Scraped caption text data
════════

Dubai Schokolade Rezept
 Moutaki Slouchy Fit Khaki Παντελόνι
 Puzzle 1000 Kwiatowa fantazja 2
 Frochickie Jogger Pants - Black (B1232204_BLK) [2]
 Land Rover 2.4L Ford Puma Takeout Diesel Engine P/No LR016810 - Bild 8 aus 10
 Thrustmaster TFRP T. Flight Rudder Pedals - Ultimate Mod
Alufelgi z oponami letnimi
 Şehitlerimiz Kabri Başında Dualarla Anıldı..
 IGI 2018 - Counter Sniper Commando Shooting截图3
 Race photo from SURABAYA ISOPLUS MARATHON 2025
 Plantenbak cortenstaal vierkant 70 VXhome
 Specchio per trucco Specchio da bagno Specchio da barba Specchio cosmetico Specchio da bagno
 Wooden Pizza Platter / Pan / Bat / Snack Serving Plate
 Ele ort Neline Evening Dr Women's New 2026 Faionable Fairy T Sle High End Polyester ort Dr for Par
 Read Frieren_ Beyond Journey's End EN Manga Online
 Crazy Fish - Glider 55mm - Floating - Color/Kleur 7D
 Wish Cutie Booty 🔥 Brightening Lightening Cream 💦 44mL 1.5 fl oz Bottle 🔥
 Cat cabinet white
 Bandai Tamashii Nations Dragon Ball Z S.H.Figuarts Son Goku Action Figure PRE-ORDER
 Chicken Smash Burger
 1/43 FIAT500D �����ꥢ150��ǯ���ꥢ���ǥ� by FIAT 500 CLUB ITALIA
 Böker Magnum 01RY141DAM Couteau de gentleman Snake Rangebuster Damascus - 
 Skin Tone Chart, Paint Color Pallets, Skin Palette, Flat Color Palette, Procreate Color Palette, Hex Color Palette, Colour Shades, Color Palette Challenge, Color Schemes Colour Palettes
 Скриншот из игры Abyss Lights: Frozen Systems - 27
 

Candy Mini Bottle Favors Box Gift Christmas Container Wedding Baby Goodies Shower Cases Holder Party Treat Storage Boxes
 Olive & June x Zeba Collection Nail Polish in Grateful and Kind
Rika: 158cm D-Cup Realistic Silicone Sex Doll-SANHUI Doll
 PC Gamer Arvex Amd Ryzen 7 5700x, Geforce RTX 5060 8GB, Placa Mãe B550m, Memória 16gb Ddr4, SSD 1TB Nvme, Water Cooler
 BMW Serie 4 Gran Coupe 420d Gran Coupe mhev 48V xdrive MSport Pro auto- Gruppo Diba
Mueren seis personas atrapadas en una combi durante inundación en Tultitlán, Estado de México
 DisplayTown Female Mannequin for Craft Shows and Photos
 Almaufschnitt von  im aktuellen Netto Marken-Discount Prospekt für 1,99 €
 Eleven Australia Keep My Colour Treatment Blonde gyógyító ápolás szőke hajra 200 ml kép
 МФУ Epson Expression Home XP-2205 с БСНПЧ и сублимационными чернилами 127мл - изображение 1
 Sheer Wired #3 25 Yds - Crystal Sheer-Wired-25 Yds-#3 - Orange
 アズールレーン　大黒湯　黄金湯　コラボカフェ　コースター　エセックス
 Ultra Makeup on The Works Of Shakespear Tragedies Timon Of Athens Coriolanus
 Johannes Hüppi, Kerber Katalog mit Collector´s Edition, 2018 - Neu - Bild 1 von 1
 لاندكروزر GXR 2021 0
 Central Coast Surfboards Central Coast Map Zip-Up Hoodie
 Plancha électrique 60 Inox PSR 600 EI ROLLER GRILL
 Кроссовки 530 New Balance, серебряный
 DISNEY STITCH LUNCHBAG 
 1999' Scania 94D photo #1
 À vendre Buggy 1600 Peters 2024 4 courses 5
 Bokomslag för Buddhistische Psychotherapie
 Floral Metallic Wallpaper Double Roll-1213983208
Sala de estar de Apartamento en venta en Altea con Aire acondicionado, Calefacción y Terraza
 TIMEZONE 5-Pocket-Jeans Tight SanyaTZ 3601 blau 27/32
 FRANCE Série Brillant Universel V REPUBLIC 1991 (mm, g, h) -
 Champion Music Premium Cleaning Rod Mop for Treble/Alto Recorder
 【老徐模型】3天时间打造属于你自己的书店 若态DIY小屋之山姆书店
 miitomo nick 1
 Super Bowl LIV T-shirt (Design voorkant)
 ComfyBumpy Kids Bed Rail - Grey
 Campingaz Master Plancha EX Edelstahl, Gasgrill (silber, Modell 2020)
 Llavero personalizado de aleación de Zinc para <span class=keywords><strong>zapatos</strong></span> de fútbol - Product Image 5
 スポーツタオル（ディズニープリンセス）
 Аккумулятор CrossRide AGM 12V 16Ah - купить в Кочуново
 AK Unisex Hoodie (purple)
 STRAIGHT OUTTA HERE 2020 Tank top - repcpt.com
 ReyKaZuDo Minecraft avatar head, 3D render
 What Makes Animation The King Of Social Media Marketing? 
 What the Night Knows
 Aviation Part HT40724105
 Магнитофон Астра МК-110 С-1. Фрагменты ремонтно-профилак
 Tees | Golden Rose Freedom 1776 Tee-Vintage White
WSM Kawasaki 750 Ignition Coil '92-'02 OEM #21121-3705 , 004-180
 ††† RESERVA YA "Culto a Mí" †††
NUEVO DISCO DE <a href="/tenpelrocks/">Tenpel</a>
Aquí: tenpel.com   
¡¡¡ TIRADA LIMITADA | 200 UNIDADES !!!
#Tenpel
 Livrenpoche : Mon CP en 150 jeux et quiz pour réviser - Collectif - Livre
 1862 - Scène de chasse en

════════

*Try it*:
For the data above, state how many lines contain "Color"; the number is the whole answer.

*Answer to this problem*:
2